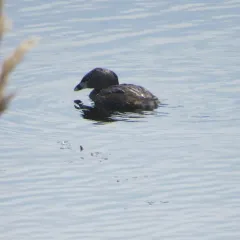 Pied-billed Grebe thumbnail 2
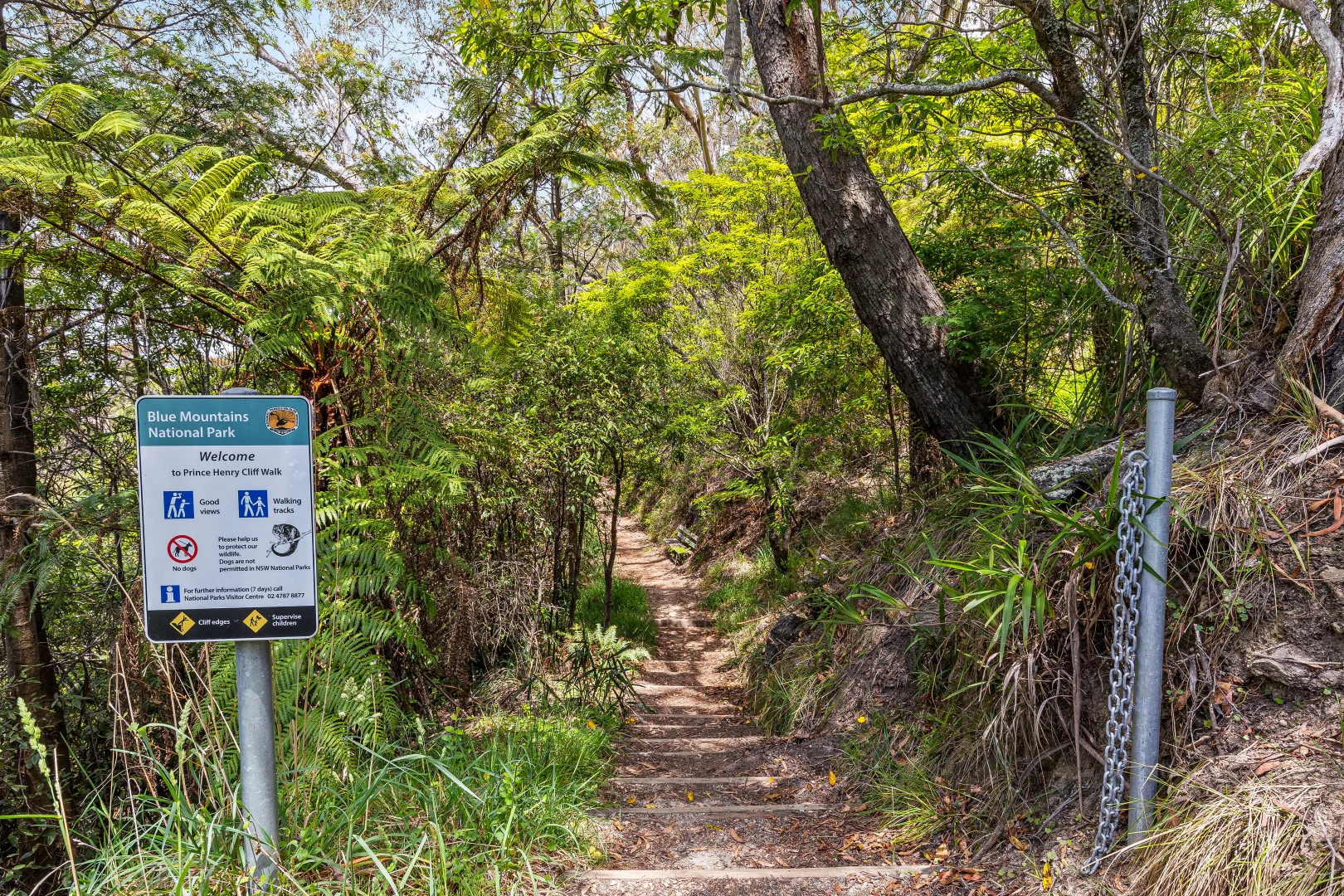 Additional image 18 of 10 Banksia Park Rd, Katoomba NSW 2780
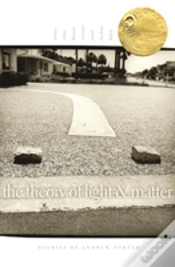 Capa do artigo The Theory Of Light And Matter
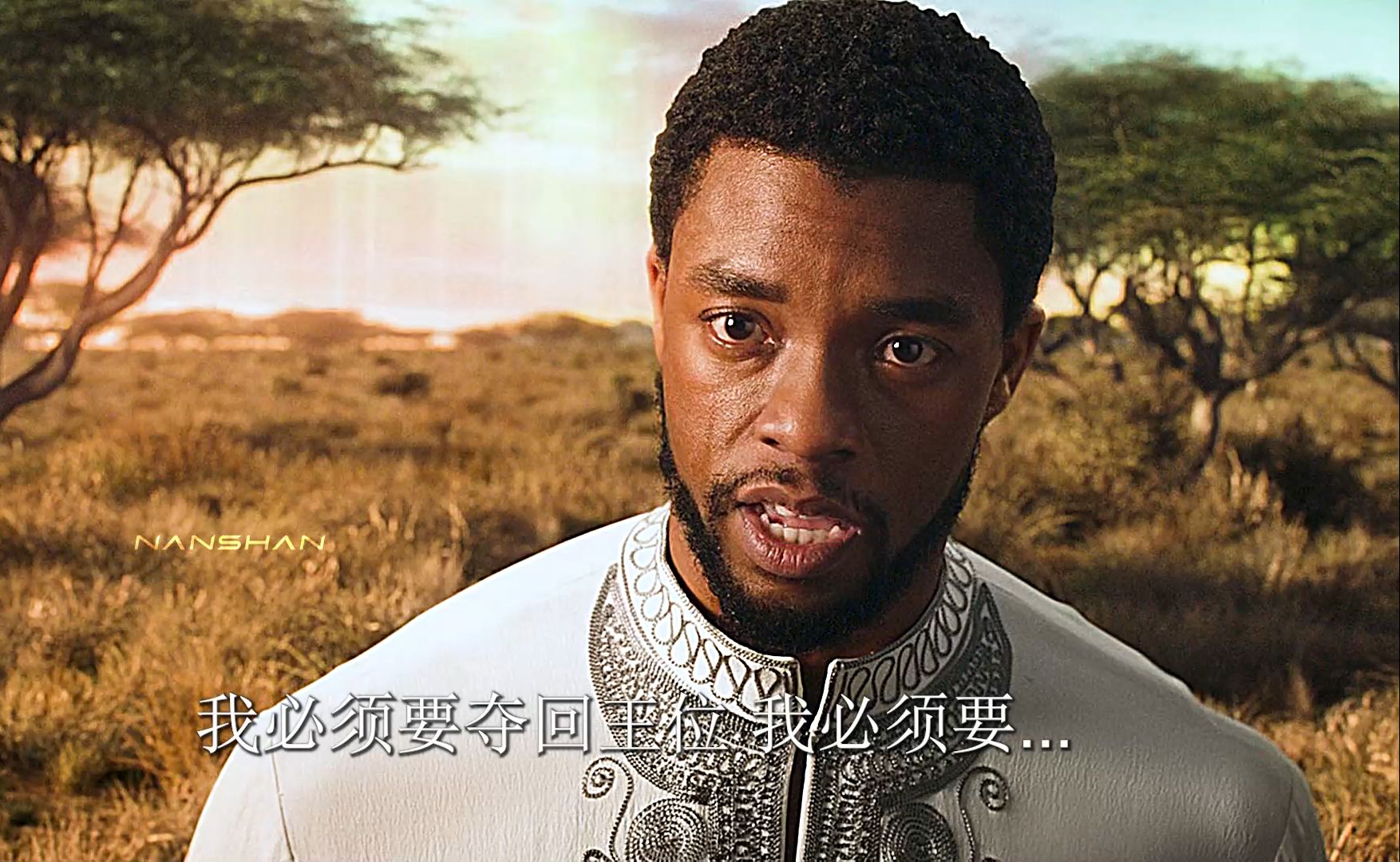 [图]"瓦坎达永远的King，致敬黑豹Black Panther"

━━━━━━━━━━━━━━━━━━━━━━━━━━━━━━

— What is being asked —
Pictures stay out of the copy; print the material above exactly.

— Reply —
 Pied-billed Grebe thumbnail 2
 Additional image 18 of 10 Banksia Park Rd, Katoomba NSW 2780
 Capa do artigo The Theory Of Light And Matter
 [图]"瓦坎达永远的King，致敬黑豹Black Panther"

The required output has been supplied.